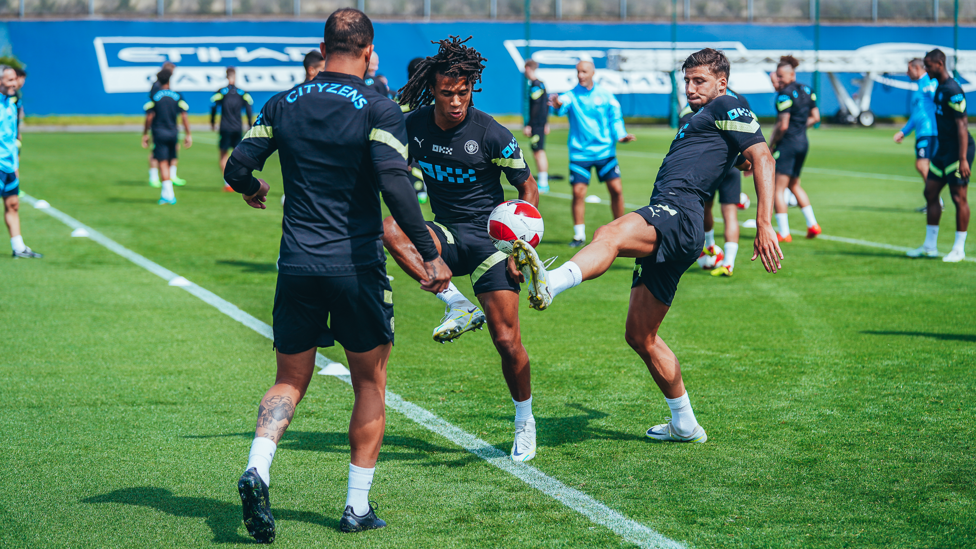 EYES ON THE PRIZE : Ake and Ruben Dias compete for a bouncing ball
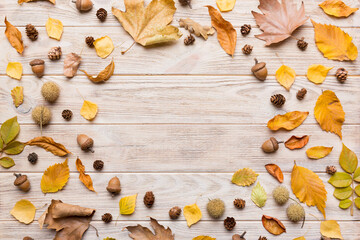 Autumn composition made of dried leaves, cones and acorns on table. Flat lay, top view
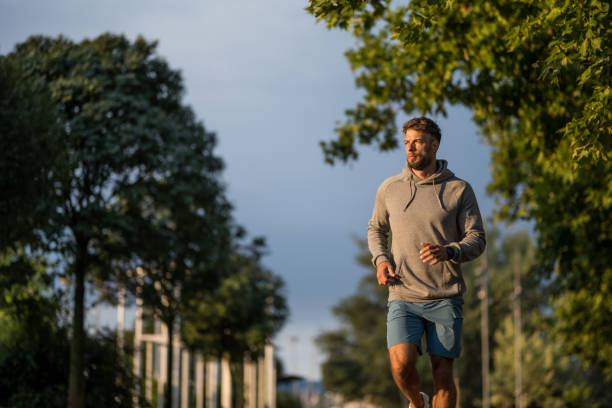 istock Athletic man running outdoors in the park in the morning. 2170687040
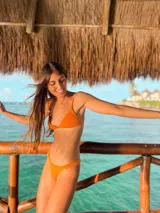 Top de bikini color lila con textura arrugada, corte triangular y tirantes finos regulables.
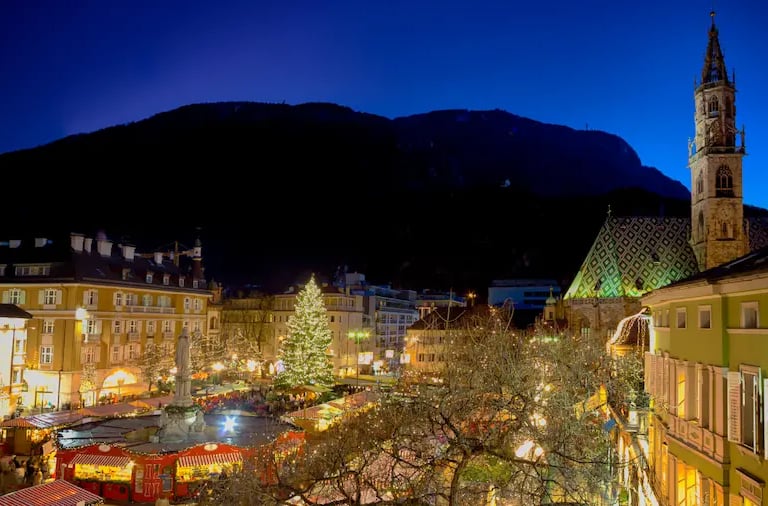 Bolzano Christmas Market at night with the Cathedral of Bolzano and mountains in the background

...

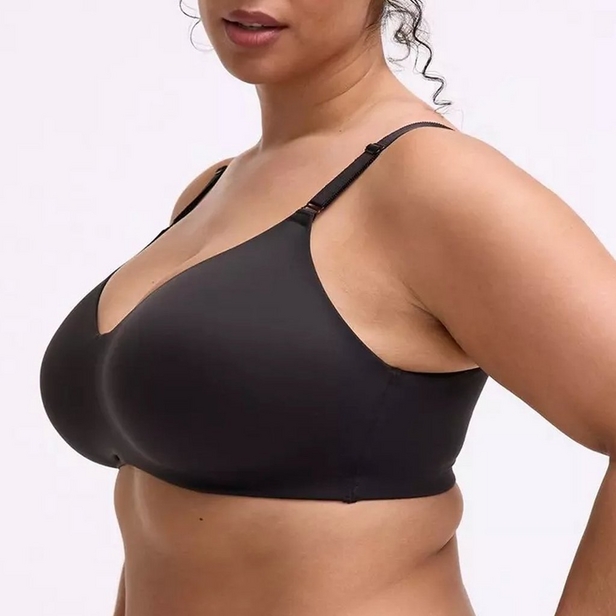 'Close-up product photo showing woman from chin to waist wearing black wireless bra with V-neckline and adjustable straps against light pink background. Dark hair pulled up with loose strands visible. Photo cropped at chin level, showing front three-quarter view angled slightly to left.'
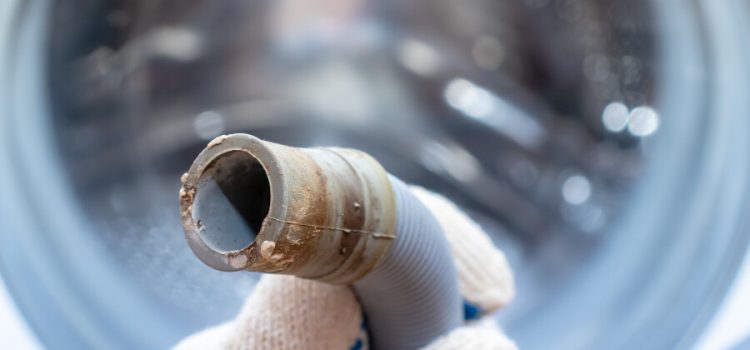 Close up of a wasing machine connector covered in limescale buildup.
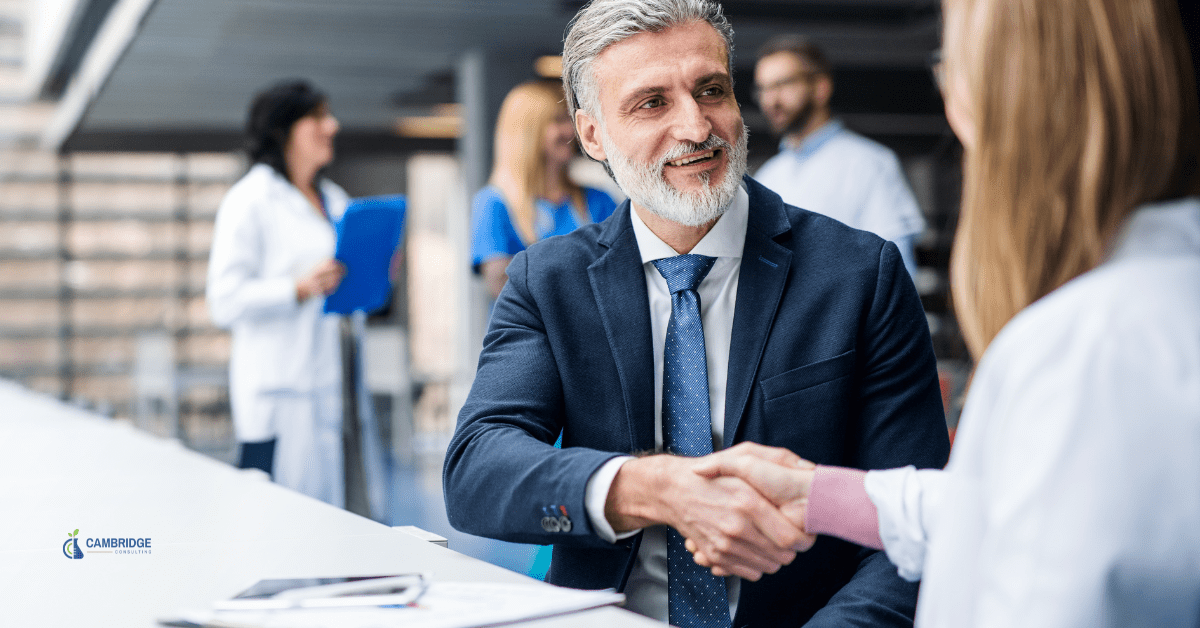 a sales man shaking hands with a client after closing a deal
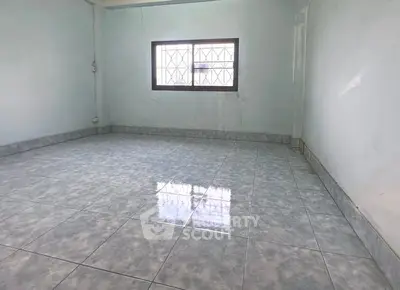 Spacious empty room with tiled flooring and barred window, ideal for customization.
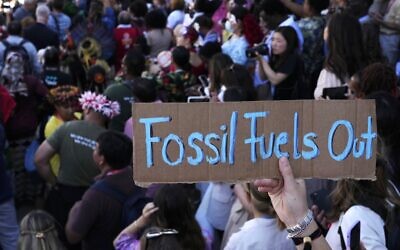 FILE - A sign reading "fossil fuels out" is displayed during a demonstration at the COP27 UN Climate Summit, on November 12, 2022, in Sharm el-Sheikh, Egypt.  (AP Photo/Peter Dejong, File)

Task details: Look above for the line with "a sales man" and the line with "FILE - A sign"; set down those two lines and all lines between them exactly, without pictures and without anything else.

Result for this task:
 a sales man shaking hands with a client after closing a deal
 Spacious empty room with tiled flooring and barred window, ideal for customization.
 FILE - A sign reading "fossil fuels out" is displayed during a demonstration at the COP27 UN Climate Summit, on November 12, 2022, in Sharm el-Sheikh, Egypt.  (AP Photo/Peter Dejong, File)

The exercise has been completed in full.